The Cade v. Yocum case has been cited approvingly by Aetna Finance Company v. Betz, 35 So.2d 909 (Orl.La.App. 1948), which also quotes 1 C.J.S. Actions § 15, p. 1008, as follows:
“. . Although one party may thereby subject the other to unnecessary trouble and expense, unless the action is malicious and without probable cause the damage so called is dam-num absque injuria, and, as a general rule, a cause of action cannot be maintained for redress therefor . . . .”
Usually, a cause of action cannot be maintained for redress for these damages because it is fundamental to our system of justice that litigants have full access to the courts to assert claims in good faith. And, as was recognized in Kihneman v. Humble Oil & Refining Company, 312 F.Supp. 34 (E.D. La. 1970), “the unsuccessful suitor is not to be held in damages merely because he was mistaken in his belief that he had a *139proper case. . . . For it is considered that burdening the unsuccessful plaintiff with such expense would tend to restrict access to the courts to affluent suitors.”
Despite the foregoing, damages have been allowed for malicious prosecutions, but only after a clear showing of (1) malicious intent, (2) want of probable cause, and (3) termination of the proceedings in favor of the plaintiff. Joyner v. Weaver, 337 So.2d 635 (La.App. 3rd Cir. 1976). At best, appellants’ reconventional demand alleges facts sufficient to show only that appellees lacked probable cause to sue Herbert Crawford, Sr. because he was not a co-owner of the property. For appellants to prevail on this exception, allegations of malice and lack of probable cause must concur. Blanchard v. Employers Liability Assurance Corporation, 197 So.2d 386 (La.App. 2nd Cir. 1967). Not only does the reconventional demand lack any allegations of maiice, but appellants vehemently maintain that theirs is not a suit for malicious prosecution. Under the jurisprudence of our state, then, this Court must hold that appellants have failed to state a cause of action for which relief can be granted. The judgment sustaining .the exception of no cause of action is affirmed.
This case is very similar to Blanchard. There, plaintiffs filed suit to recover damages allegedly sustained in defending certain damage suits which, it was averred, were filed “ ‘without probable cause and . were willfully and negligently instituted.’ ” Plaintiffs contended that “ ‘[b]y the use of reasonable care and by making only casual inquiries, defendants could and should have ascertained prior to the institution of said actions .. . .” that the explosion was caused by the negligence of another defendant in the original suit. The defendants filed an exception of no cause of action which was sustained by the trial court. The Court of Appeal affirmed, holding that “. . . in the absence of charges that [defendants] were motivated with malice and acted without probable cause, [plaintiffs] have failed to state a cause of action.” 197 So.2d at 389.

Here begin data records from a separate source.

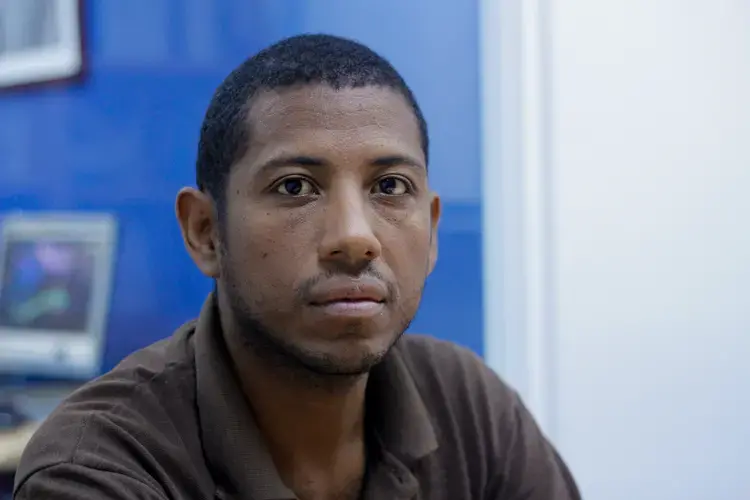 Carlos Román, a 37-year-old man with dark brown skin and black eyes poses for a photo portrait, wearing a brown shirt. He has been a dialysis patient for six years, after suffering kidney failure in 2012. He was registered in the national waiting list for organ donations, but with the stoppage of the organ procurement system in 2017, he now has no chance of getting a kidney for a transplant that could restore his health. 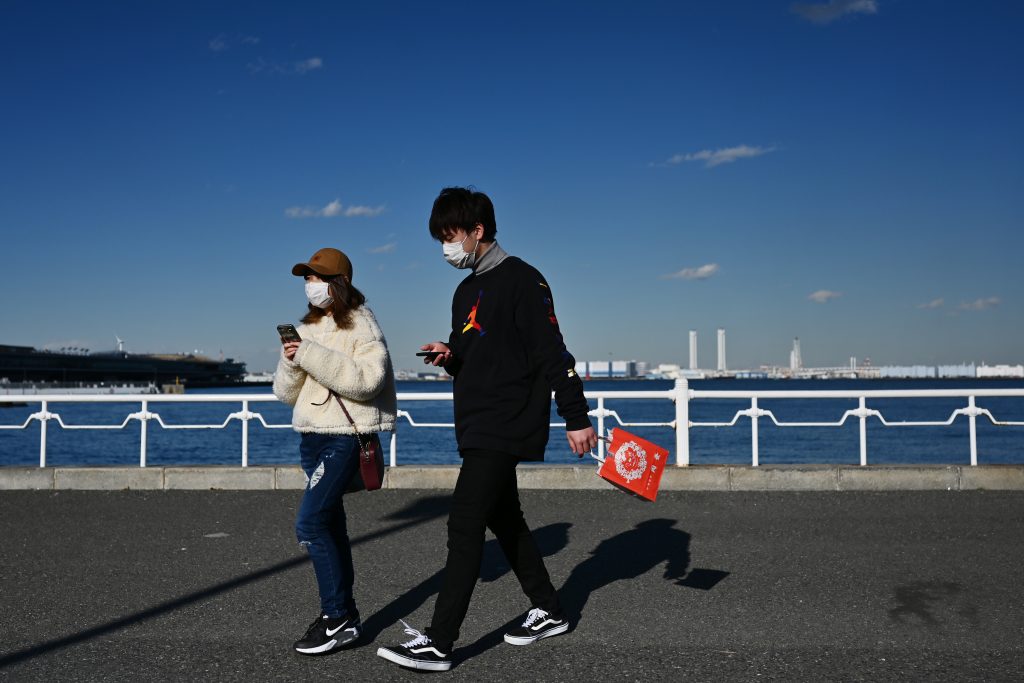 People wearing face masks walk by the coast in Yokohama on Feb. 18, 2020. (AFP)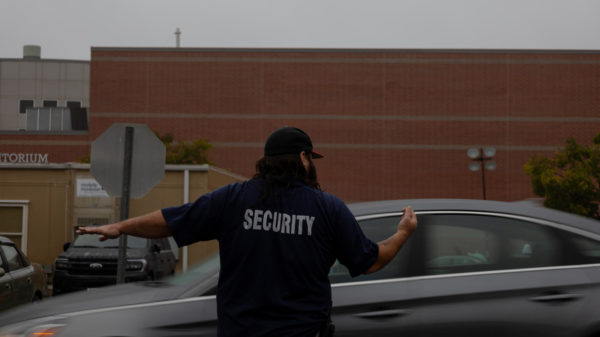 Photo of the Day: Parking lot traffic requires security guard to step in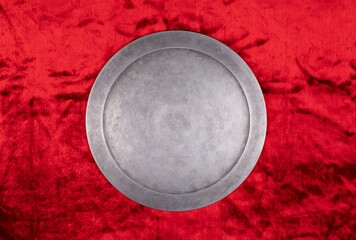 Wall Mural - ancient round silver shield on a red background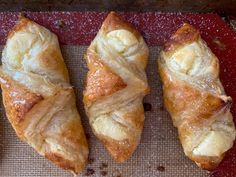 three croissants sitting on top of a baking sheet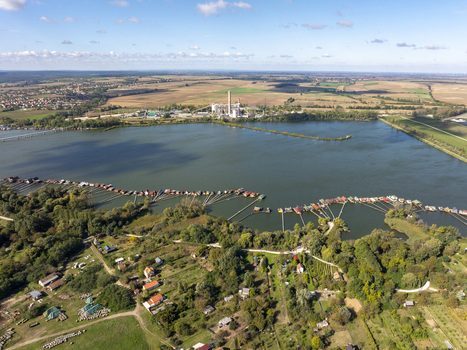 Aerial view of Bokodi Floating Village featuring colorful wooden houses on stilts over the lake lush greenery and an industrial plant in the distance in Oroszlany Hungary. Aerial view of Bokodi Floating Village featuring colorful wooden houses on stilts over the lake lush greenery and an industrial plant in the distance in Oroszlany Hungary.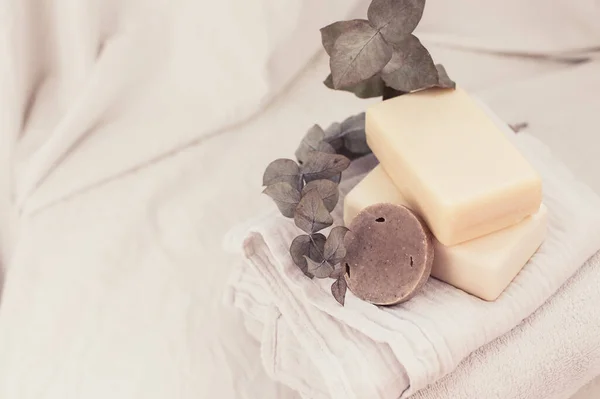 Bars of natural organic soap and towels. Ecological friendly body care products.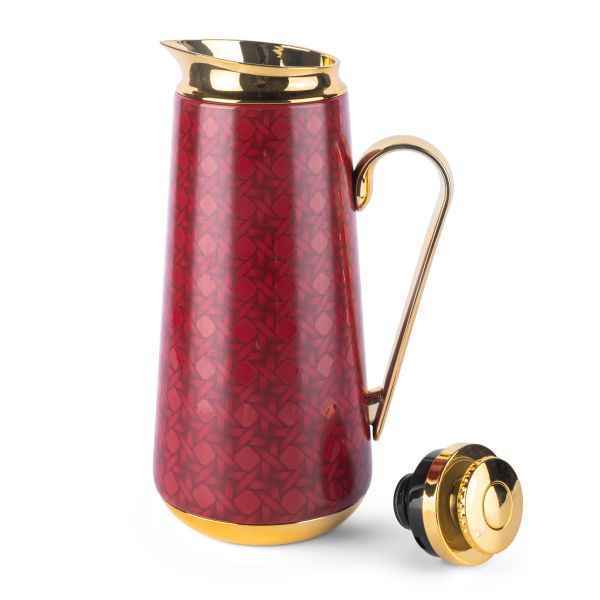 Red and gold rattan vacuum flask with decorative pattern and gold handle by Otantik Home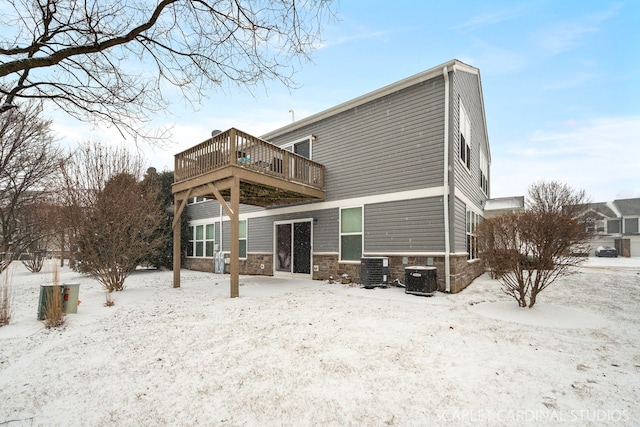 snow covered back of property featuring cooling unit and a deck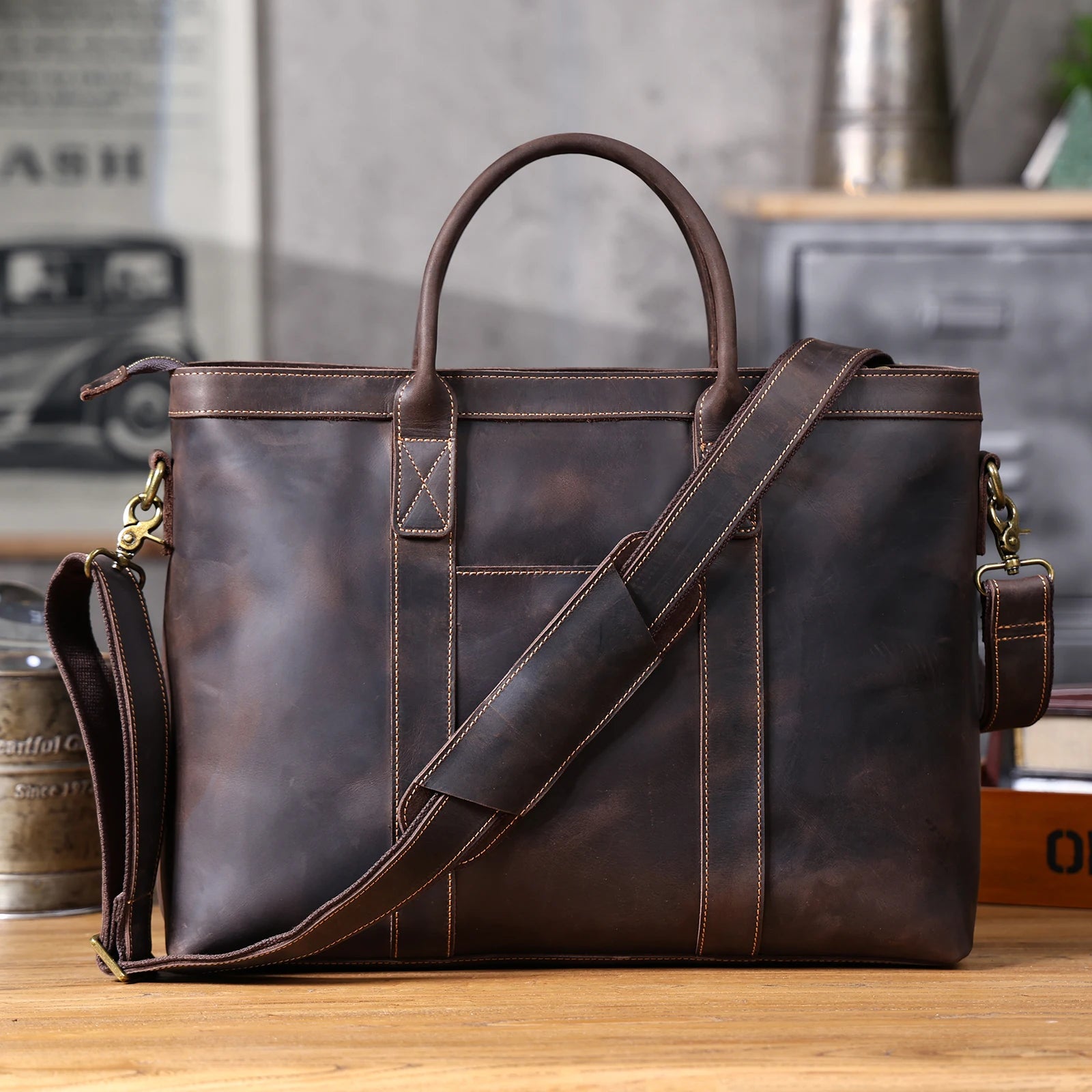 Brown leather briefcase with shoulder strap on a wooden surface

For the above and foregoing reasons the judgment of the trial court sustaining the exception of no cause of action is hereby affirmed. Costs are assessed against the appellants.
AFFIRMED.
. The signed judgment sustains the “Exceptions of No Cause or Right of Action.” However, the exception in this case is really an exception of no cause of action because the question is raised of whether any remedy is afforded by law and not whether a remedy already provided by law can be invoked by a particular plaintiff. Taylor v. Castille, 318 So.2d 106 (La.App. 3rd Cir. 1975), writ denied 321 So.2d 366 (La.1975); Parks v. Winnfield Life Insurance Company, 336 So.2d 1021 (La.App. 3rd Cir. 1976), writ refused 339 So.2d 351 (La.1976).